On the provenance extraction techniques from large scale log files


Tufek A., AKTAŞ M. S.

CONCURRENCY AND COMPUTATION-PRACTICE & EXPERIENCE, 2021 (Peer-Reviewed Journal) identifier identifier

  • Publication Type: Article / Article
  • Publication Date: 2021
  • Doi Number: 10.1002/cpe.6559
  • Journal Name: CONCURRENCY AND COMPUTATION-PRACTICE & EXPERIENCE
  • Journal Indexes: Science Citation Index Expanded, Scopus, Aerospace Database, Applied Science & Technology Source, Communication Abstracts, Compendex, Computer & Applied Sciences, INSPEC, Metadex, zbMATH, Civil Engineering Abstracts
  • Keywords: machine learning-based provenance extraction, numerical weather prediction models, provenance, provenance analysis

Abstract

Numerical weather prediction (NWP) models are the most important instruments to predict future weather.
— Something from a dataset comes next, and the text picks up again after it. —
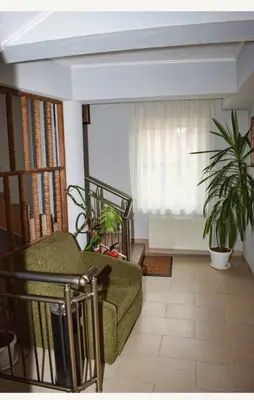 a living room with a couch and a window at Family Hotel Miglena in Govedartsi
Provenance information is of central importance for detecting unexpected events that may develop during the long course of model execution. Besides, the need to share scientific data and results between researchers also highlights the importance of data quality and reliability. The weather research and forecasting (WRF) Model is an open-source NWP model. In this study, we propose a methodology for tracking the WRF model and for generating, storing, and analyzing provenance. We implement the proposed methodology-with a machine learning-based parser, which utilizes classification algorithms to extract provenance information. The proposed approach enables easy management and understanding of numerical weather forecast workflows by providing provenance graphs. By analyzing these graphs, potential faulty situations that may occur during the execution of WRF can be traced to their root causes. Our proposed approach has been evaluated and has been shown to perform well even in a high-frequency provenance information flow.